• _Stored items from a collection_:
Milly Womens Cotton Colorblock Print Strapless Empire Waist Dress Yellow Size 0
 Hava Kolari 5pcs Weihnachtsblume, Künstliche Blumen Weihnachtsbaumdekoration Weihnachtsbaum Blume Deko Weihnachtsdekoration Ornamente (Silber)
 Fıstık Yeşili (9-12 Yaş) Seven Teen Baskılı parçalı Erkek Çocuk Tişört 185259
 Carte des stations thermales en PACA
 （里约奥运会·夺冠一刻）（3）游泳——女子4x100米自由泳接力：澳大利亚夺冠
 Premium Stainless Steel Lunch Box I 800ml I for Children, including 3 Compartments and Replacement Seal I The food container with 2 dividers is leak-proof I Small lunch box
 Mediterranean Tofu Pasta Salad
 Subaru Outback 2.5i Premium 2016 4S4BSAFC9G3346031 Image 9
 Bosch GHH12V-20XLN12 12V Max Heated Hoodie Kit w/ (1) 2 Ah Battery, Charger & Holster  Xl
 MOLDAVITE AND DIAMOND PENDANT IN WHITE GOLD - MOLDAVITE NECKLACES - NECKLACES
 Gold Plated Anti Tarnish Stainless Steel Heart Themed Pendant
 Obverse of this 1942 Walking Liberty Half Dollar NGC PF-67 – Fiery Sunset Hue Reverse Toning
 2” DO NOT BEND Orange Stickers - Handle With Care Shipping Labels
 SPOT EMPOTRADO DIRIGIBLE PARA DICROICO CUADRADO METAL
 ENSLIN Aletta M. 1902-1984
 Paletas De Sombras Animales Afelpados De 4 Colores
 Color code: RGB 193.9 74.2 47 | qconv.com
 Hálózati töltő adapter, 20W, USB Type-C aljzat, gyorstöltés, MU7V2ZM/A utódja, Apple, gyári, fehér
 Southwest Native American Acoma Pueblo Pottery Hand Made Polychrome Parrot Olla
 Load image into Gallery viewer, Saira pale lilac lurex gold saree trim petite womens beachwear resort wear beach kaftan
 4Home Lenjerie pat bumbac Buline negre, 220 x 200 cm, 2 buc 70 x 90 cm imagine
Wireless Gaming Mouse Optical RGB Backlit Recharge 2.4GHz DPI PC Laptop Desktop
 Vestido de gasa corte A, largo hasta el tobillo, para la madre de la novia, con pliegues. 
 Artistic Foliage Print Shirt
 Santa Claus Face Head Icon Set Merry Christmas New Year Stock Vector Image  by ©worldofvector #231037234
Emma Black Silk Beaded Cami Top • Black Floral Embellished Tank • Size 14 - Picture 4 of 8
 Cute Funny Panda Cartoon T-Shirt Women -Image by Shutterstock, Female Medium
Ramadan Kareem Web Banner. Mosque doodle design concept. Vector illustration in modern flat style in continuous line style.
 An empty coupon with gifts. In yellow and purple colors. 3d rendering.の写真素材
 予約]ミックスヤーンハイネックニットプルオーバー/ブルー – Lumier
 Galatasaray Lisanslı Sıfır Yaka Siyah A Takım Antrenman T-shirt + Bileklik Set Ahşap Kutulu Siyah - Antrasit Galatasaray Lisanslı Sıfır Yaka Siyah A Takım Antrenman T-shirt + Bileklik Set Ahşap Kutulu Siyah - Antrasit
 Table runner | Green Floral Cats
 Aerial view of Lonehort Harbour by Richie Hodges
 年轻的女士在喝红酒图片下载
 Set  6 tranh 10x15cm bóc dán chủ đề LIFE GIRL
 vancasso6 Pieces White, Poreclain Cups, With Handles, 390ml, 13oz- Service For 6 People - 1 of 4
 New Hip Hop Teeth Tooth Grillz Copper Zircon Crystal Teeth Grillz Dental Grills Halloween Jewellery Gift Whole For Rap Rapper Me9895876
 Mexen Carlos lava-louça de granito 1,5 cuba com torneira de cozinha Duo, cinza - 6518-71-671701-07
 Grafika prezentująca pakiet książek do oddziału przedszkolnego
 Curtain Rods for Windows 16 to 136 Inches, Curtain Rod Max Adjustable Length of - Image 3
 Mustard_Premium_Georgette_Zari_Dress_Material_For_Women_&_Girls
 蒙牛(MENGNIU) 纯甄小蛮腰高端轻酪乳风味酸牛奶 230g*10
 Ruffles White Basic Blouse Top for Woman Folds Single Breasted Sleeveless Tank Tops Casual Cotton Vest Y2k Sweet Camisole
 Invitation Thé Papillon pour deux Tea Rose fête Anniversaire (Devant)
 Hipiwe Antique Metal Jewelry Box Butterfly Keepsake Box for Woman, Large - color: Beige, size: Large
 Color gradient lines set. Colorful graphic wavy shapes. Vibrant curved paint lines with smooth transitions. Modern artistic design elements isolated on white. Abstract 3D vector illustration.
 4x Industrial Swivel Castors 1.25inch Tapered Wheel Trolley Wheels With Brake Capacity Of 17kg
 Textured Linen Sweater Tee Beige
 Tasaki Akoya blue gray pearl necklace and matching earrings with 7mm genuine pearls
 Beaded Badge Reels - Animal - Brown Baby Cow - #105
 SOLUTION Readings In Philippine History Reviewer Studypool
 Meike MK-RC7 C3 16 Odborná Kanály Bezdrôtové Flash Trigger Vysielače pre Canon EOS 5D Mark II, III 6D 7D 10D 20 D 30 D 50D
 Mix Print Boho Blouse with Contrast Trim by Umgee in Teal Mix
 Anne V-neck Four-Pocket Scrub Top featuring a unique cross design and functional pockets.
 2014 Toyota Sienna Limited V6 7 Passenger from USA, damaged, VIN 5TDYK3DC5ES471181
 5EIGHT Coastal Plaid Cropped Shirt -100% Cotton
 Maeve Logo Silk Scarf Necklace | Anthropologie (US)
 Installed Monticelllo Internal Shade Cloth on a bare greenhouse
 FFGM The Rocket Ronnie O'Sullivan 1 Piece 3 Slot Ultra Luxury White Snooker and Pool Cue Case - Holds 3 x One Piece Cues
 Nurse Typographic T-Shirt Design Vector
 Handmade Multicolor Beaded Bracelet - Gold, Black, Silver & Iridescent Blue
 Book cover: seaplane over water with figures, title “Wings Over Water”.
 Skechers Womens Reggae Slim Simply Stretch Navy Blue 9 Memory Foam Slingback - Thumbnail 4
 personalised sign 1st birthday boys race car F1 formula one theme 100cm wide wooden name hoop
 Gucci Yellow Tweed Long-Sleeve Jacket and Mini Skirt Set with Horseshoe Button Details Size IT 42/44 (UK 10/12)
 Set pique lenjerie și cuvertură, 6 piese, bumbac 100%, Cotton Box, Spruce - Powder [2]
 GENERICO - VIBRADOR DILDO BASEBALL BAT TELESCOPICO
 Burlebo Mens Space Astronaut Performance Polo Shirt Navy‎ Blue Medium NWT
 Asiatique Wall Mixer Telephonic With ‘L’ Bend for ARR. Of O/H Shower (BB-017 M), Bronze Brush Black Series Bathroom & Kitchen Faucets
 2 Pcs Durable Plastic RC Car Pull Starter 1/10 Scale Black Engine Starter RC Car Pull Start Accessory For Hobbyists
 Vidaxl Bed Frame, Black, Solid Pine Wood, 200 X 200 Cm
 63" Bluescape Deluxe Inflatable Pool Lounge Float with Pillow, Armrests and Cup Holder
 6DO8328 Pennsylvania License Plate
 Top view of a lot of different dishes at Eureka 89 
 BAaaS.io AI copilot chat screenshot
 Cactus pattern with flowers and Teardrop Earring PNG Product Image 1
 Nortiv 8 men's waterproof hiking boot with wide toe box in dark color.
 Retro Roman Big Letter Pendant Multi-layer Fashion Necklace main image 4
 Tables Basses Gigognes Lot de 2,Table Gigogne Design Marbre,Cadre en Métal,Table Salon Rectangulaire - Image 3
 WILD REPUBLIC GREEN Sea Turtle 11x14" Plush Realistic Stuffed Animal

• _Assigned task_: Once you find the line with "4x Industrial Swivel" in the entries above, output it and each line after it up to and including the line with "Gucci Yellow Tweed", and nothing else.

• _Exercise answer_:
 4x Industrial Swivel Castors 1.25inch Tapered Wheel Trolley Wheels With Brake Capacity Of 17kg
 Textured Linen Sweater Tee Beige
 Tasaki Akoya blue gray pearl necklace and matching earrings with 7mm genuine pearls
 Beaded Badge Reels - Animal - Brown Baby Cow - #105
 SOLUTION Readings In Philippine History Reviewer Studypool
 Meike MK-RC7 C3 16 Odborná Kanály Bezdrôtové Flash Trigger Vysielače pre Canon EOS 5D Mark II, III 6D 7D 10D 20 D 30 D 50D
 Mix Print Boho Blouse with Contrast Trim by Umgee in Teal Mix
 Anne V-neck Four-Pocket Scrub Top featuring a unique cross design and functional pockets.
 2014 Toyota Sienna Limited V6 7 Passenger from USA, damaged, VIN 5TDYK3DC5ES471181
 5EIGHT Coastal Plaid Cropped Shirt -100% Cotton
 Maeve Logo Silk Scarf Necklace | Anthropologie (US)
 Installed Monticelllo Internal Shade Cloth on a bare greenhouse
 FFGM The Rocket Ronnie O'Sullivan 1 Piece 3 Slot Ultra Luxury White Snooker and Pool Cue Case - Holds 3 x One Piece Cues
 Nurse Typographic T-Shirt Design Vector
 Handmade Multicolor Beaded Bracelet - Gold, Black, Silver & Iridescent Blue
 Book cover: seaplane over water with figures, title “Wings Over Water”.
 Skechers Womens Reggae Slim Simply Stretch Navy Blue 9 Memory Foam Slingback - Thumbnail 4
 personalised sign 1st birthday boys race car F1 formula one theme 100cm wide wooden name hoop
 Gucci Yellow Tweed Long-Sleeve Jacket and Mini Skirt Set with Horseshoe Button Details Size IT 42/44 (UK 10/12)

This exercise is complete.